The Problem¶

Some workloads need to read state, compute on it, and write it back -- thousands of times per second -- while other threads query the same data concurrently. Blockchain nodes, financial ledgers, game state servers, and event sourcing systems all share this pattern: every state transition is a read-modify-write transaction against a large, actively-queried dataset.

No existing storage engine handles this well. B-trees copy entire pages on each mutation. LSM trees defer write cost into compaction stalls that worsen at scale. Neither provides instant, zero-cost snapshots that don't degrade write throughput.
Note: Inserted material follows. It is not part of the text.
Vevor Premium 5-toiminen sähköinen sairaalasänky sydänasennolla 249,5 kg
Every persistent key-value store makes the same set of tradeoffs:

B-trees (LMDB, BoltDB, SQLite, InnoDB) operate on fixed-size pages (4KB-16KB). COW-based B-trees (LMDB, BoltDB) copy entire pages on mutation for snapshot isolation and crash safety -- changing a single byte means copying 4KB-16KB. WAL-based B-trees (InnoDB, SQLite) avoid COW but add write-ahead logging overhead. In both cases, write amplification is proportional to page size, not data size.
LSM trees (RocksDB, LevelDB, Cassandra) batch writes for throughput but pay for it with read amplification, compaction stalls, and space amplification from tombstones.
Adaptive radix trees (ART) achieve optimal depth and cache-line efficiency, but only in memory. No persistent ART implementation exists that matches B-tree durability.
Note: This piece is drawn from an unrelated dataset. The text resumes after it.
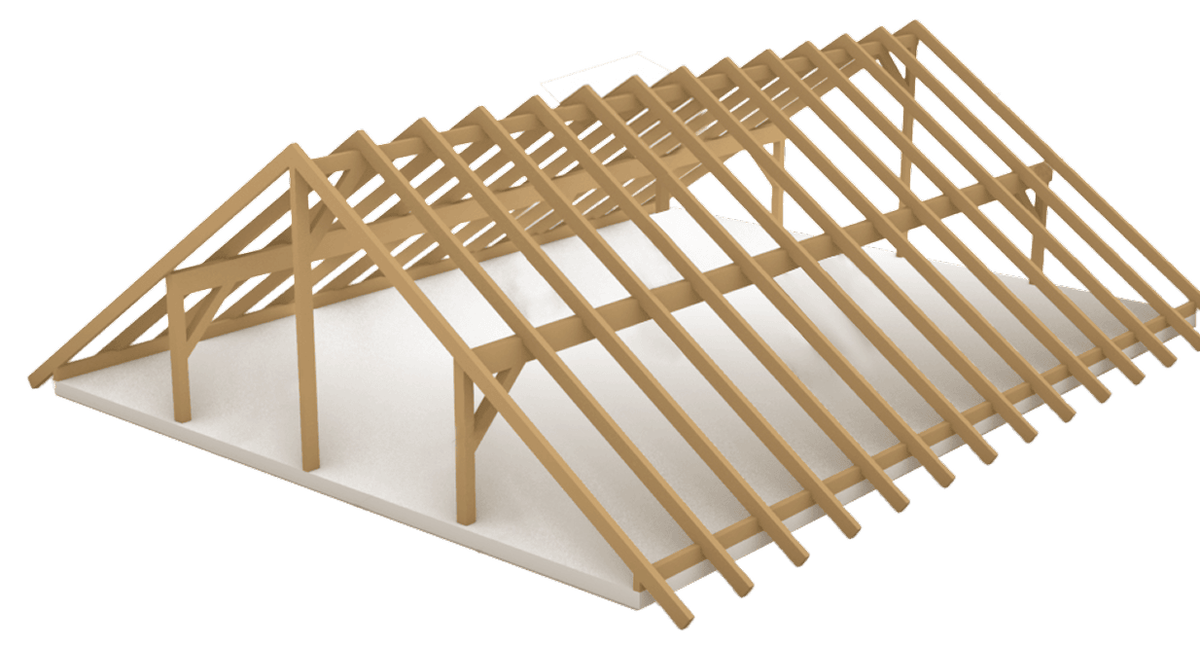 Устроиство стропильной системы по Вологодски https://mastermay.ru/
PsiTri eliminates these tradeoffs by combining four novel subsystems:

A radix/B-tree hybrid with sorted leaf nodes and node-level copy-on-write
An ART-buffered write-ahead log (DWAL) that decouples write latency from COW cost -- writes land in a lock-free in-memory ART buffer, background merge drains to the COW trie in batch
A relocatable object allocator with lock-free O(1) compaction moves
A self-tuning physical data layout that sorts objects by access frequency

Comparison with Alternatives¶

System	Insert/sec (persistent)	Depth (30M keys)	Persistent	Copy-on-Write	Node Size
PsiTri	1.1-3.7M	5	Yes	Yes	Per-node (64 B multiples)
LMDB	0.3-0.8M	3-4	Yes	Yes	4KB pages
RocksDB	0.5-1.5M	N/A (LSM)	Yes	No	variable
ART (in-memory)	5-10M	5-8	No	No	52-2048B
SQLite	0.1-0.5M	3-4	Yes	No	4KB pages

Where Existing Approaches Fall Short¶

B-Trees: Page-Level Write Amplification¶

B-trees are the workhorse of persistent storage. But their unit of work is a page -- typically 4KB. When you change one key, copy-on-write forces copying 4KB at every level of the tree. For a 4-level B-tree, that's 16KB of writes for a single byte change.

This is a fundamental consequence of how B-trees organize data: keys are stored in sorted order within pages, and pages are the unit of I/O, locking, and copy-on-write. You can't copy-on-write part of a page -- the whole thing must be duplicated.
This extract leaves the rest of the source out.